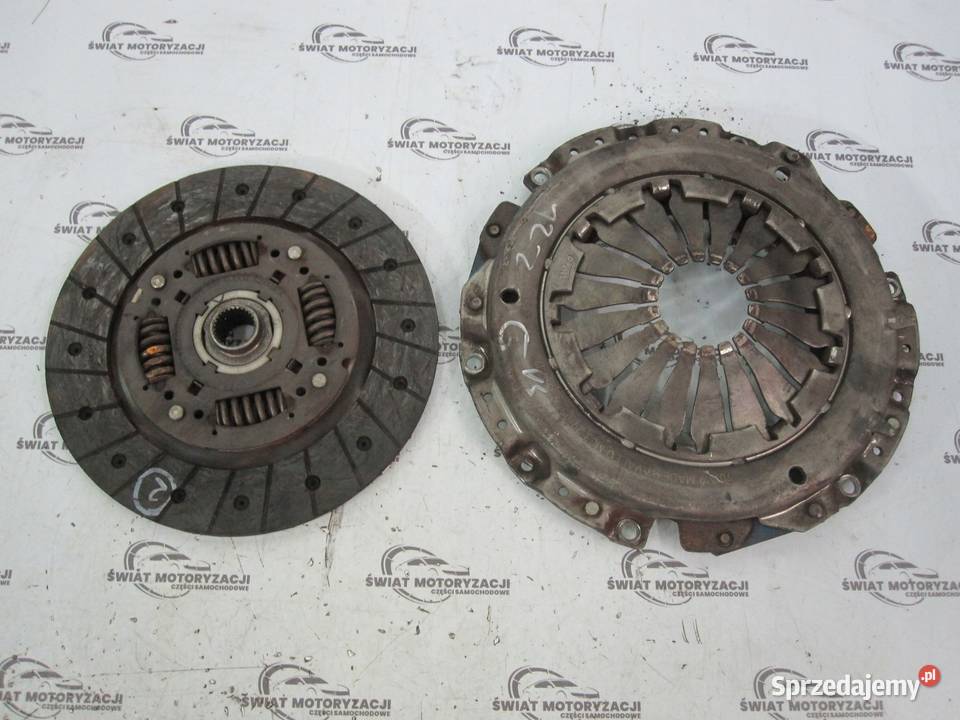 SEAT IBIZA 10 TSI 18R CHZ 115 sprzęgło tarcza osobowe Kielce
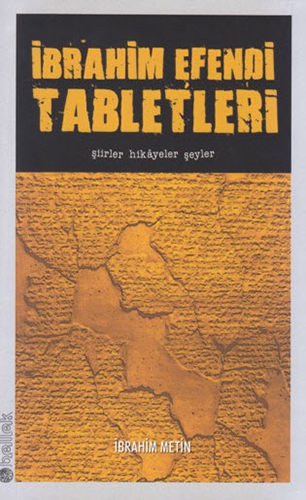 İbrahim Efendi Tabletleri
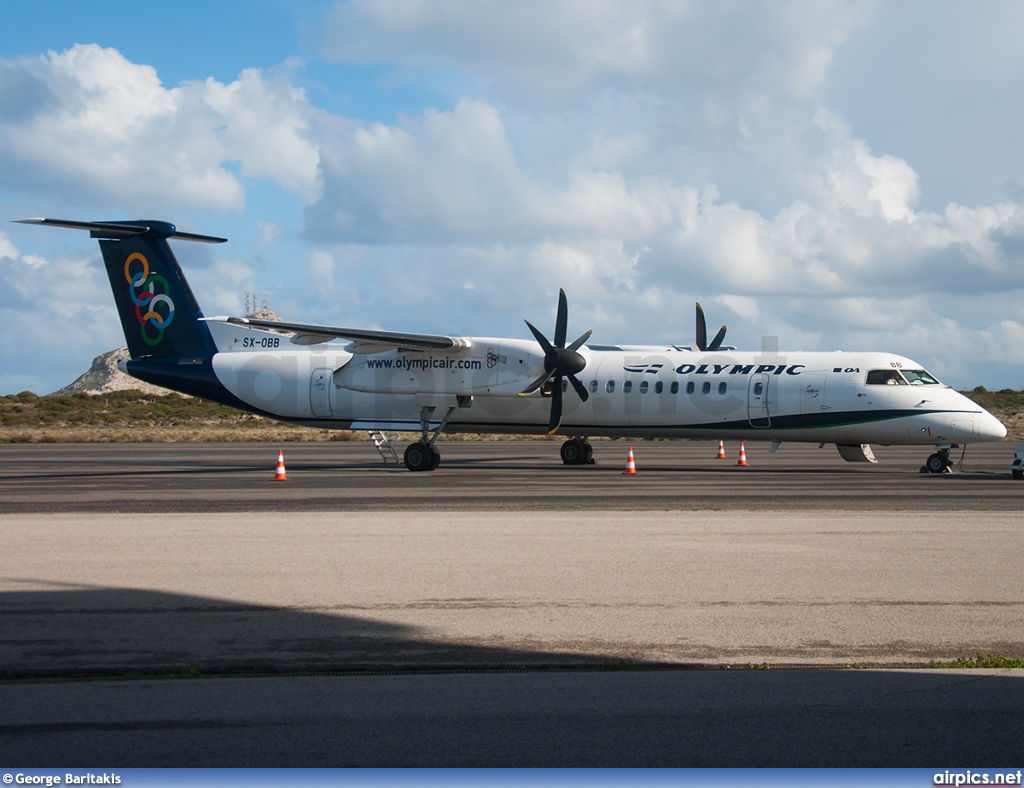 SX-OBB, De Havilland Canada DHC-8-400Q Dash 8, Olympic Air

## Work request:
Copy out all the data exactly. The images should not appear in the copy.

## Answer section:
 SEAT IBIZA 10 TSI 18R CHZ 115 sprzęgło tarcza osobowe Kielce
 İbrahim Efendi Tabletleri
 SX-OBB, De Havilland Canada DHC-8-400Q Dash 8, Olympic Air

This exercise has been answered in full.